━━━━━ Input records

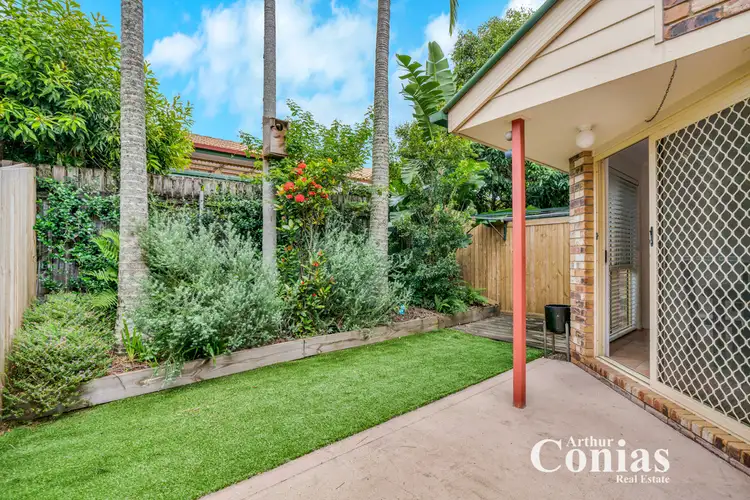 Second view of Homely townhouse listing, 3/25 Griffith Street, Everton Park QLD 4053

━━━━━━━━━━
━━━━━ Input records

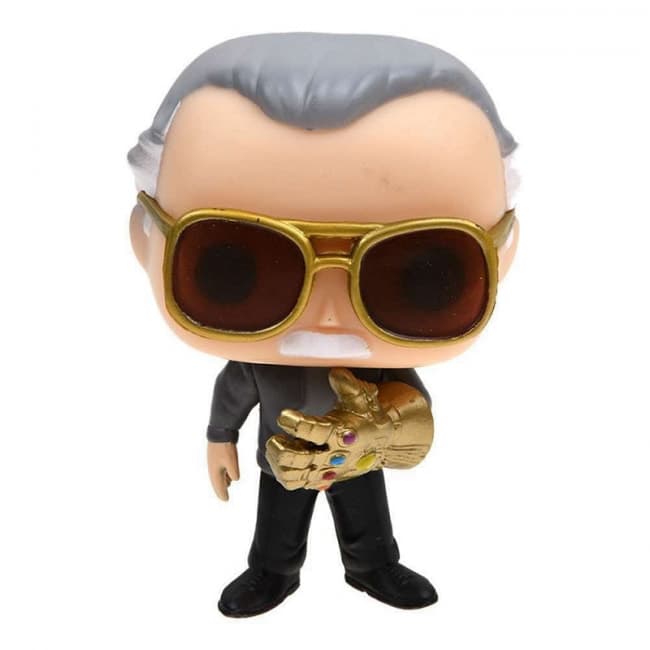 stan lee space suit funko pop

━━━━━━━━━━
━━━━━ Input records

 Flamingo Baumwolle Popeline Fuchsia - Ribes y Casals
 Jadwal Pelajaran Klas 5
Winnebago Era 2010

━━━━━━━━━━

Could you repeat exactly the lines in the listing above from the one with "Flamingo Baumwolle Popeline" down to the one with "Winnebago Era 2010"? Include both of those lines.

• _Final answer_:
 Flamingo Baumwolle Popeline Fuchsia - Ribes y Casals
 Jadwal Pelajaran Klas 5
Winnebago Era 2010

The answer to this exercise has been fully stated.